- Work item: From the records beneath, determine how many lines contain "Ford" and report only that figure.
******************************
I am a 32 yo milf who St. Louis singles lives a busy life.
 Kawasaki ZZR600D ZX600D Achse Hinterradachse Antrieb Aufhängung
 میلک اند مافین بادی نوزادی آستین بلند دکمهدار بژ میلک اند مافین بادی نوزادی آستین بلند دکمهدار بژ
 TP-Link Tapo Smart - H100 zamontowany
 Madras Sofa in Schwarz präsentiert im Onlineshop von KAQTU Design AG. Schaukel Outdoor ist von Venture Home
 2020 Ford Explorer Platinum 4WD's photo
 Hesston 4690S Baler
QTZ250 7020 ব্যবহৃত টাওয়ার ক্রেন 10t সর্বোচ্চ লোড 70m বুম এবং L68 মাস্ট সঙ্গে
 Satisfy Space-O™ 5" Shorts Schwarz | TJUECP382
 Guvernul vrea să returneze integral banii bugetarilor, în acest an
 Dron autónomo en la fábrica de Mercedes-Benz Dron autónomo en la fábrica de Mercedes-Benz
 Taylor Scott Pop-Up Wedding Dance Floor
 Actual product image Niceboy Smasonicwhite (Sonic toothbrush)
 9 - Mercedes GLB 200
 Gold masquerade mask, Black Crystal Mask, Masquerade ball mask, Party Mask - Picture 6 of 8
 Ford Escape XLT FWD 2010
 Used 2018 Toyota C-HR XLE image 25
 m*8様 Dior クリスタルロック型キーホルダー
******************************
- Answer space: 2